Djallel est aussi nuancé dans la 2nde partie du film grâce l’apparition du personnage de Elodie Bouchez. Cette dernière avait à mes yeux un caractère plutôt irrespectueux dans son interprétation lorsqu’elle s’adonnait à imiter une personne dans une situation de folie. En général le film me paraissait plutôt immoral lorsqu’il souhaitait créer une facette humoristique des différents personnages jouant des internés. Surtout lorsque l’on voit plutôt clairement que ce sont des acteurs. Mise à part cela, le jeu de Elodie Bouchez se dissipe et devient hétérogène a l’enjeu naturaliste dont le film tente d’illustrer. De cela, naît une ambiguïté complexe chez ce personnage chez le son personnage et sa relation avec Djallel. Cela donne un effet de fardeau agréable. La situation entre ces deux protagonistes est complexe et de là découle une sorte de jouissance. Du moins Kechiche crée une situation plus que troublante qu’il ponctue par des scènes d’une longueur souvent affligeante, qui procure du malaise ou parfois de l’amour assez naturel finalement. Lorsque quémande Lucie du sex à Djallel qui n’aurait pas été dans une situation de questionnement. De là se décerne une œuvre intelligente qui fait perdre repère au spectateur, comment aurait-on appréhendé le cas d’une relation telle, qui aurait supporter cela ou qui aurait résisté. Enfin bref je trouve que l’on est devant une relation très réussie qui fait du bien aux deux protagonistes tant sur le jeu ou sur le rôle qui leur ai attribué.

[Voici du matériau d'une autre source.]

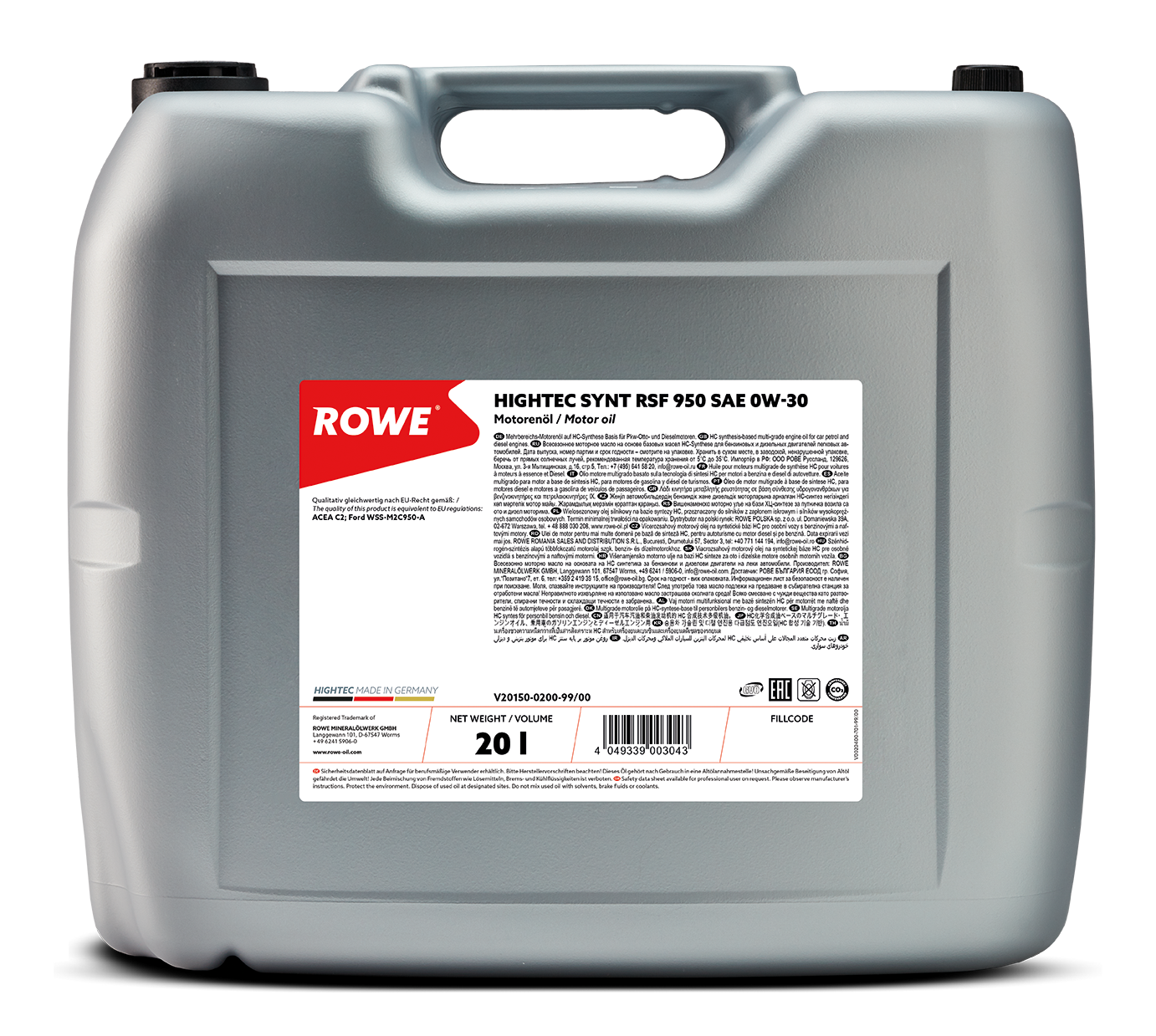ROWE Motoröl HIGHTEC SYNT RSF 950 SAE 0W-30 [20 L] 20150020099 20l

Finalement, Kechiche conclut son film à travers la concrétisation d’un microcosme constitué de différents marginaux. Ces scènes de fin illustrent bien la façon dont une classe sociale (dans ce cas ci on ne peut pas vraiment affirmer que c’est une classe mais bon) peut aussi renverser le principe de faire nation. Cela se renforce par la fin abrupte qui signifie que finalement il n’y pas d’acceptation sur ce territoire.
Ainsi, s’achève cette premier œuvre qui est finalement bien identifiable comme sa première. Les acteurs sont un des premiers indices de cela. Kechiche et plus confus dans leurs directions certaines en font trop et bien sûr le jeu naturaliste qu’il y’aura dans ses suivants sera bien plus affiné. D’autant plus que c’est le commencement d’une utilisation de certains personnages secondaires qui seront réutilisés dans ses prochains films (Bruno Lochet, Carole Franck…). Alors leurs têtes se sont assimilées chez moi et j’identifie qu’il s’agit d’un acteur lors des différents films.
Tout cela affiche un premier film qui malgré tout, témoigne de l’avènement d’un cador du cinéma français (et mondial) du 21ème siècle.